Old Sturbridge Village is a living museum that recreates the rural life in New England during the 1790s through 1830s. It contains 59 antique buildings, three water-powered mills, and a working farm.
The village is divided into three main sections. The Center Village represents the center of town, the Countryside which consists of outlying farms and shops and the Mill Neighborhood features various commercial structures that rely upon the millpond for their power.
– The Meetinghouse :
Built as the Baptist Meetinghouse in Sturbridge in 1832, it was the place for town meetings, elections, and church services.
– Asa Knight store:
Customers paid for their purchases with credit earned by selling such items as butter, cheese, palm leaf hats, and knitted socks. The storekeeper, in turn, sold them in the cities where he bought the goods to stock his shelves.
– Shoe Shop:
A fun fact that I learned here was that during this time shoemakers stopped making right or left shoes, making an “universal shoe”was easier and cheaper to make.
– Towne House:
The Townes ran a large and complicated household with seven children still at home in 1830, farm laborers, hired women, and sometimes visiting relatives. The first-floor kitchen of the Towne House boasts a cast-iron stove—a relatively new appliance in the 1830’s. The house’s furnishings are elegant and expensive by rural standards and are a blend of imports and New England.
– The Pottery Shop:
Above there is a reproduction brick “updraft bottle” kiln for firing pots.
– The Freeman Farm:
The house was built in 1840 in Charlton, MA. The entire structure was moved to the museum in 1956.
– Blacksmith Shop:
The original location was in Bolton, Massachusetts, c. 1810. The original owner of the building, Moses Wilder, for the walls used 400 granite stones from Bolton’s quarry .
THE MILL NEIGHBORHOOD:
– Vermont Covered Bridge:
The millpond was dug in 1795, they dug the pond with a team of oxen and a scoop. This entire process took two and a half years.

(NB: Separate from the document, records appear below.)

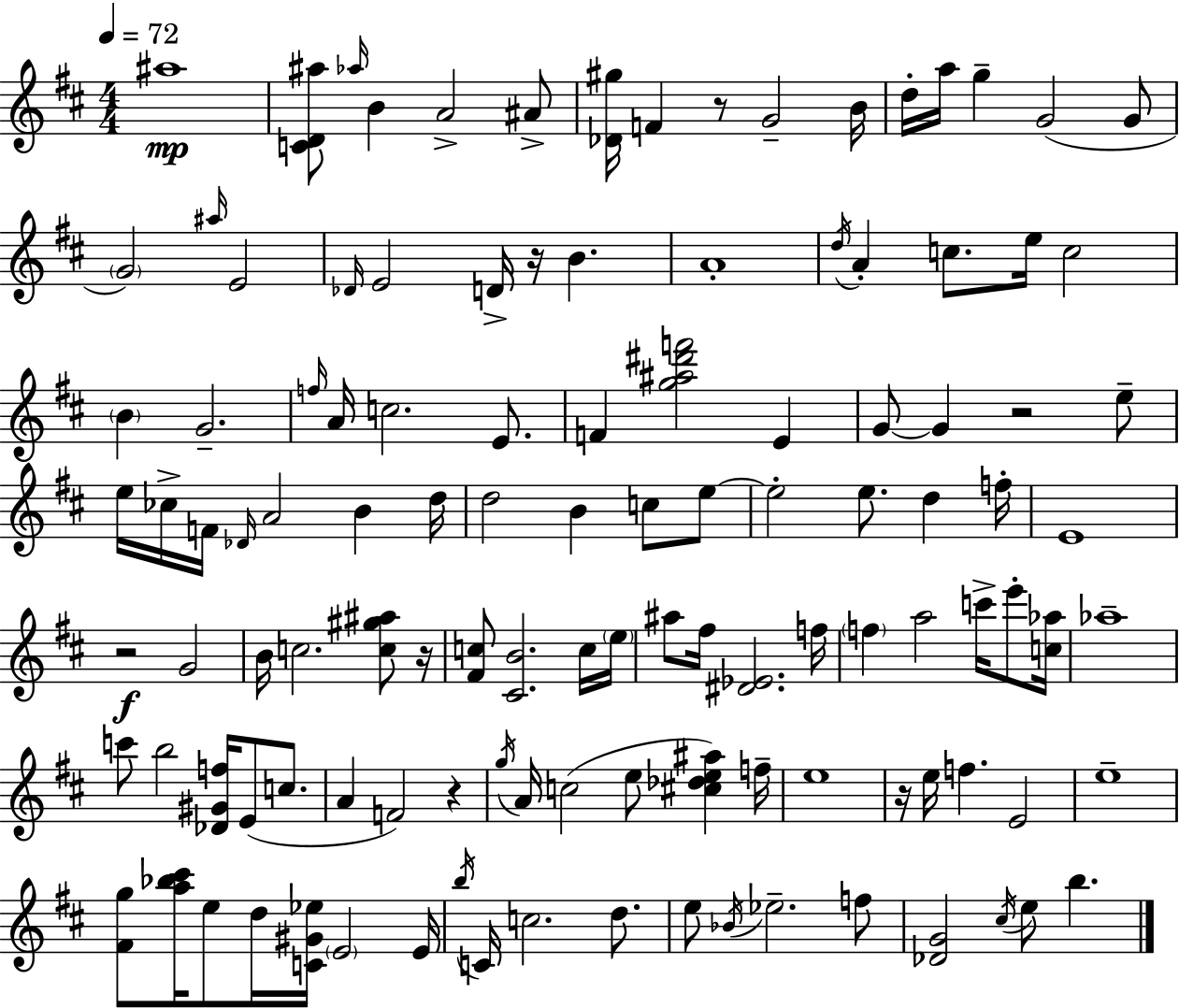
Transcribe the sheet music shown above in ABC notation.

X:1
T:Untitled
M:4/4
L:1/4
K:D
^a4 [CD^a]/2 _a/4 B A2 ^A/2 [_D^g]/4 F z/2 G2 B/4 d/4 a/4 g G2 G/2 G2 ^a/4 E2 _D/4 E2 D/4 z/4 B A4 d/4 A c/2 e/4 c2 B G2 f/4 A/4 c2 E/2 F [g^a^d'f']2 E G/2 G z2 e/2 e/4 _c/4 F/4 _D/4 A2 B d/4 d2 B c/2 e/2 e2 e/2 d f/4 E4 z2 G2 B/4 c2 [c^g^a]/2 z/4 [^Fc]/2 [^CB]2 c/4 e/4 ^a/2 ^f/4 [^D_E]2 f/4 f a2 c'/4 e'/2 [c_a]/4 _a4 c'/2 b2 [_D^Gf]/4 E/2 c/2 A F2 z g/4 A/4 c2 e/2 [^c_de^a] f/4 e4 z/4 e/4 f E2 e4 [^Fg]/2 [a_b^c']/4 e/2 d/4 [C^G_e]/4 E2 E/4 b/4 C/4 c2 d/2 e/2 _B/4 _e2 f/2 [_DG]2 ^c/4 e/2 b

The covered bridge at Old Sturbridge Village is one of only 12 left in Massachusetts.
– The Sawmill:
This rare water-powered sawmill—erected on the millpond site that David Wight, Jr. first created in the 1790s. The Sawmill is based on what had been one of the oldest surviving sawmills in the area: the Nichols-Colby Sawmill of Bow, New Hampshire, which was destroyed in a 1938 hurricane.
I truly enjoyed the visit, the museum is larger than the plymouth plantation. There is a small “bus”that goes around the site which makes it a lot easier for people that have problem walking. The museum also offers a boat ride which is very pleasant. It’s a great place to learn about 1830’s New england life.